Not Quite At Redemption’s Door: 3 Lessons

This week I visited my old CFO in the Maricopa County Jail. She stole some money from our company, we caught her and she plea bargained her way to a two and one-half year term.

As I entered her unit, poverty and tears were everywhere, with a picture of Sheriff Joe Arpaio smiling down on us and the room filled with the ranting of Judge Joe Brown on the TV. “You’re trying to convince me you are the victim,” he said and “you’re not. You must pay the fine.” ESPN SportsCenter would have been preferable.

In the visitation area the overseer told me to sit down at table #21 and wait for my ex-CFO to arrive. Our table was a cheap fast food booth divided by an old 2 x 8 as a barrier. Then she arrived and she was surprised, but she sat down across from me as she was handcuffed to her side of the table and told “no touching or the visit will end.”

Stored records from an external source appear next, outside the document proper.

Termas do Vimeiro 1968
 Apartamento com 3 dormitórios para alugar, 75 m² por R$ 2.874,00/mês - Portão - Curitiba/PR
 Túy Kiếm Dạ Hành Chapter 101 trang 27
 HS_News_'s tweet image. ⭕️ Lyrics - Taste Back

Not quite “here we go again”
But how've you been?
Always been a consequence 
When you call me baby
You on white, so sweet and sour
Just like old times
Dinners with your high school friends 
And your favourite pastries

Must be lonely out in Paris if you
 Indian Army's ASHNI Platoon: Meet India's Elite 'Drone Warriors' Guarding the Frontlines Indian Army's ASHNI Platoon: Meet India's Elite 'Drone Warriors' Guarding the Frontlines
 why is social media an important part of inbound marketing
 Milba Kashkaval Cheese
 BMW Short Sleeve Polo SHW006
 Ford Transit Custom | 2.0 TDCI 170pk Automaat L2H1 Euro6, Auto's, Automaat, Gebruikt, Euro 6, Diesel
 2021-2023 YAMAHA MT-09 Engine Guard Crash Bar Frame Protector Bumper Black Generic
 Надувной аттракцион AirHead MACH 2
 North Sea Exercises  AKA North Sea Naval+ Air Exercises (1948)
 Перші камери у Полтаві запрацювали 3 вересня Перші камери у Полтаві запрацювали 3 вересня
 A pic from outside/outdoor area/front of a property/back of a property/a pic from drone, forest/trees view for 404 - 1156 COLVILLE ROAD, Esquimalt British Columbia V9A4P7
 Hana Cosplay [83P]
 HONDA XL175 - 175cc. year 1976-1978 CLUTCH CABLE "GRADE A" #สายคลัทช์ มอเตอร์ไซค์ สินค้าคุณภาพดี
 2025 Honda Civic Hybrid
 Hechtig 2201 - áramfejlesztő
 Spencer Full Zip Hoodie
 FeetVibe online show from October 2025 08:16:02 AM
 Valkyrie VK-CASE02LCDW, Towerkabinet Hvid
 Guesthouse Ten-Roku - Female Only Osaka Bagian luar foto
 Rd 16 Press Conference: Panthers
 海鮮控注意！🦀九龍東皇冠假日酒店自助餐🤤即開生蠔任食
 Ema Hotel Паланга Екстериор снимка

After a simple and uncomfortable “hi” she began by apologizing to everyone she had “hurt.” She cried softly and then louder. But ultimately she seemed more relaxed than I had seen her in her last few months of employment. My comment was “I’m not here to judge you as everyone has already done so” and then I asked “why did you steal the money?” From there I heard a story of what she described as “suicide” – she was overwhelmed with her responsibility for her family, she was a terrible mother, and she had let everyone down. She even volunteered that “it wasn’t the money because I had other resources.” While I continued to converse I realized that I didn’t entirely believe her, as an old professional feeling came back to me.

Many years ago I spent considerable time in jails and prisons as a Psychologist. There were incredible stories of tragedy and loss, some hope and a fair amount of sociopathy. Many of us know the feeling of sociopathy which is defined as “a pervasive pattern of disregard for, and violation of, the rights of others that begins in childhood and early adolescence and continues into adulthood.” Most experience it as the charming con that they “knew” was occurring, but participated in, nonetheless.

The lessons:

  • As I often tell clients, each of us have different Franklin Covey planners. We have our own lives, but a leader’s task is to have some insight for fellow leaders and managers in trouble that may place them at risk for a bad decision.
  • In key operational roles make sure to reduce the risk and temptation of threat by incorporating necessary security. Trust is built over time and is based on consistent accountability.
  • Keep the door as open as possible for key leaders in our organization, because they are just as likely to be at risk as anyone else.

Was the visit worth it? Yes, I came to the meeting with the intention of offering some support, despite her betrayal. I left split between my concern for her well-being and my doubt that she was truly concerned for mine. So be it.